At that time, there was great rivalry between Nicaragua Route and the Pacific Mail Route, via Panama, and shortly after leaving Acapulco we sighted the Pacific Mail Steamer John L. Stephens and now came the race to see which would reach San Francisco first. I noticed the smoke stack of our ship was red hot, fully half its length, night after night, until we arrived at our destination. There was only a few hours difference in our arrival. It was a very exciting trip while it lasted. On the passage up, groups of passengers would gather and tell what they expected to do on arriving, and it seems queer to recall what crude ideas were entertained, until experience changed the point of view. I recollect one in particular, an Irishman, who told of a countryman of his, who had written to his home in New York that he was making eight dollars a day in the mines, and he said if he can earn eight dollars a day I can double it, as I could always do twice as much work in a day as he. Another passenger thought that to get large lumps was easier than fine gold and should look for them instead of the finer sort. No doubt both discovered their theories were not sound in practice.
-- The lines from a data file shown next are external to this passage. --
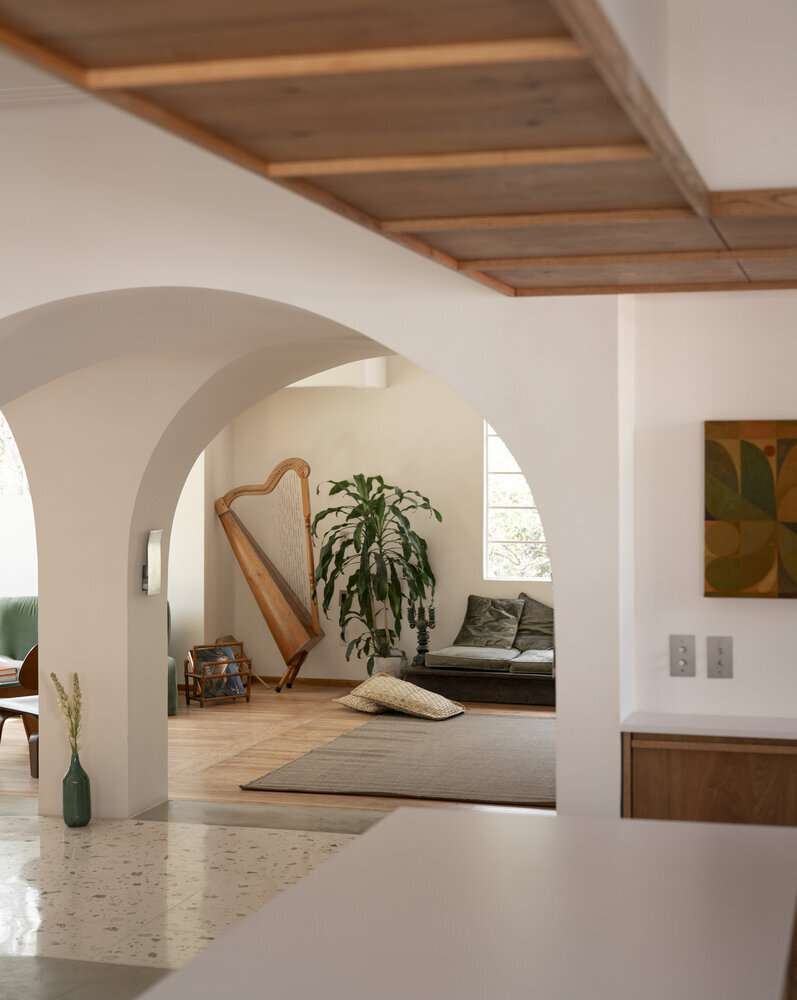 Căn hộ 150 m2 mở rộng không gian bằng đường cong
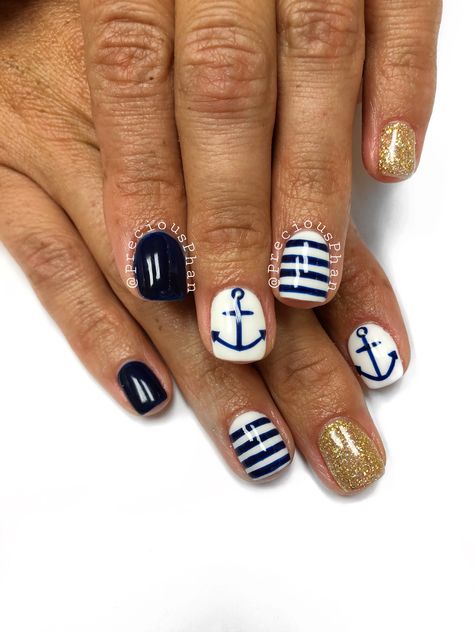 Navy and white nails. Anchor nails. #PreciousPhan Navy Anchor Nails, Us Navy Nails Design, Disney Cruise Line Nails, Us Navy Nails, Alaska Cruise Nails, Cruise Ship Nails, Blue Anchor Nails, Navy And White Nails, Cruise Nails Designs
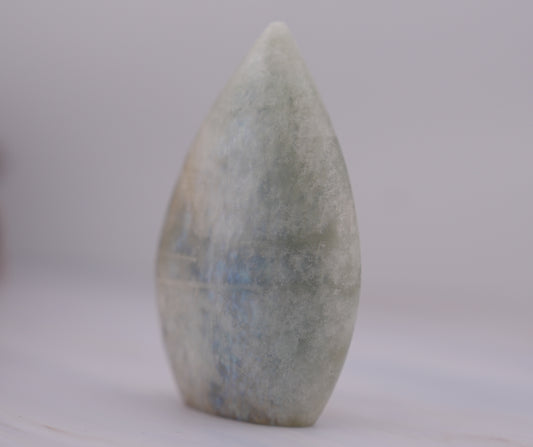 心も身体も整えて自信を持って輝ける私になれる癒しの石｜ ガーニエライト（グリーンムーンストーン）フレーム  Garnierite Green Moonstone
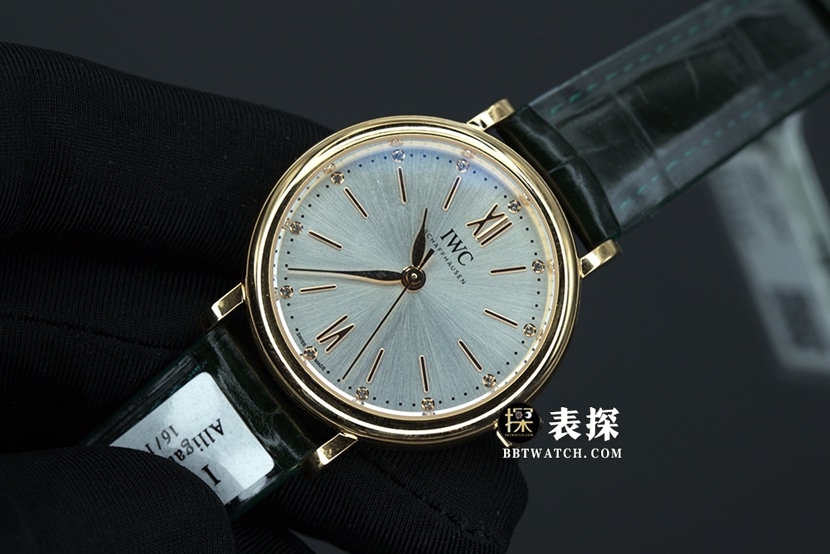 IWC Portofino top-tier watch ladies dial gold needle leather strap model pictures and prices front live photo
After looking over San Francisco from Broadway to Market Streets and the water front from Davis to Montgomery, we took passage in the steamer Helan Henshlyî for Stockton, which left Broadway wharf at 4 p.m. The streets of San Francisco at that time were in a most wretched condition. Davis Street then was wholly piled and the planks were full of holes and dangerous to travel upon. Montgomery Street was only partially paved and mud was everywhere. The side walks were made of loose planks, resting on old tobacco boxes, and anything that would serve to hold the planks above the mud. Our steamer reached Stockton the following morning and the crowd of stage runners was bedlam broken loose; All aboard for Mariposa, Sonora, Angel's Camp, San Andras, Mokolukne Hill, was enough to scare the wits out of two green New England lads, but we finally, after much pulling and hauling, got our seats and baggage aboard the Sonora stage, and were off on the last lap of our journey to the land of gold. We were much interested in our ride across the plains, in the bands of coyotes and occasional gray wolf. Then we arrived at Knights Ferry at noon where we were permitted to take dinner, but had hardly gotten fairly started, when we head the command, All Aboard. But there was at the table, a man who knew all the tricks of travel, who said Boys keep your seats and finish your dinner; the stage dare not leave us. So acting on his advice, we filled up and in due time boarded our stage and were off for Sonora, where we arrived after dark and took lodging for the night at the United States Hotel on Washington Street. The hotel was a very primitive affair. The beds or bunks were one above the other like bunks on emigrant ships. There were no sheets but rough gray blankets. The following morning we took our baggage on our backs for Shaw's Flat, two miles distant, and by inquiry were directed to my fathers and brothers cabin. It was a Sunday morning and being in ignorance of our coming they had not yet gotten up. So knocking at the door, I heard my fathers voice say who's there? We answered, We're here from home. You may be sure the cabin door soon swung open and the hearty welcome we received was indeed a joy to us.


And now began my life in California, which I shall try to relate, as my memory can recall it after sixty-nine years. It can readily be imagined that the change from a quiet New England town to a bustling mining camp was a transition that few boys of today can fully comprehend. Among the strange sights were miners camping in the open stem log cabins and in tents. Nearly all roofs were canvas. Cooking utensils were very limited, in many cases consisting of a fry pan and tin plate. Wash the face and hands in the fry pan, then fry the bacon in it, then make the coffee in it, and also bake the bread, was actually done in many cases.